Here, there is a clear split of authority. Some courts find that the "objectively reasonable" determination cannot be made without knowing what the interpretation or reading of the statute actually was. E.g. Gillespie v. Equifax Info. Servs., No. 05-CV-0138, 2008 WL 4316950, at *7 (N.D. Ill. Sept. 15, 2008) (denying motion for summary judgment where, among other reasons, defendant had not offered evidence that it "actually adopted a particular construction" of the relevant statutory section); Dunford, 64 F. Supp. 3d at 1394 (defendants cannot use attorney-client privilege as a sword and a shield, saying that they used an interpretation that was objectively reasonable, but not showing evidence of the interpretation because it is attorney work product). Other courts expressly foreclose requiring a pre-litigation interpretation. E.g., Long v. Tommy Hilfiger U.S.A., 671 F.3d 371, 377 (3d Cir. 2012) (defendant did not need to actually interpret the FCRA prior to commencement of a lawsuit in order to be sheltered by the "safe harbor" of Safeco); Fuges v. Sw. Fin. Svcs., Ltd., 707 F.3d 241, 250-51 (3d Cir. 2012) (argument that a defendant should not be allowed to seize upon a post hoc objectively reasonable interpretation to avoid liability would be an "assertion about the defendant's intent or bad faith," which was "expressly foreclosed by Safeco").

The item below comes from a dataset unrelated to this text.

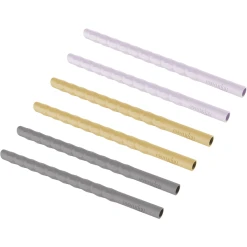 Everyday® Baby Trinkhalme Silikon 6er-Set, Grau/gelb/violett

For this reason, the Court finds that Defendants have sufficiently shown that there is a substantial ground for difference of opinion on the Safeco question. Defendants have identified a split of authority, and that other circuit courts have decided the issue contrary to this Court's decision. Cf. Union County v. Piper Jaffray & Co., 525 F.3d 643, 647 (8th Cir. 2008) ("'While identification of a sufficient number of conflicting and contradictory opinions would provide substantial ground for disagreement,' the County offered no such Iowa opinions, statutes or rules, and 'a dearth of cases' does not constitute 'substantial ground for difference of opinion.'") (quoting White v. Nix, 43 F.3d 374, 378 (8th Cir.1994)). /// ///

C. Certifying an interlocutory appeal would not materially advance the ultimate termination of litigation.

The third factor for the Court to consider is whether an interlocutory appeal would materially advance the termination of the litigation. "Given the standard for a 'controlling question of law' ... the considerations of [the third] factor overlap significantly with the first one." Rollins, 2014 WL 6693891, at *4. The third factor is directed to the very purpose of § 1292(b) as an exception to the final judgment rule: to "facilitate disposition of the action by getting a final decision on a controlling legal issue sooner, rather than later [in order to] save the courts and the litigants unnecessary trouble and expense." Leite v. Crane Co., No. 11-CV-00636, 2012 WL 1982535, at *6-7 (D. Haw. May 31, 2012) (citing United States v. Adam Bros. Farming, Inc., 369 F. Supp. 2d 1180, 1182 (C.D. Cal. 2004)).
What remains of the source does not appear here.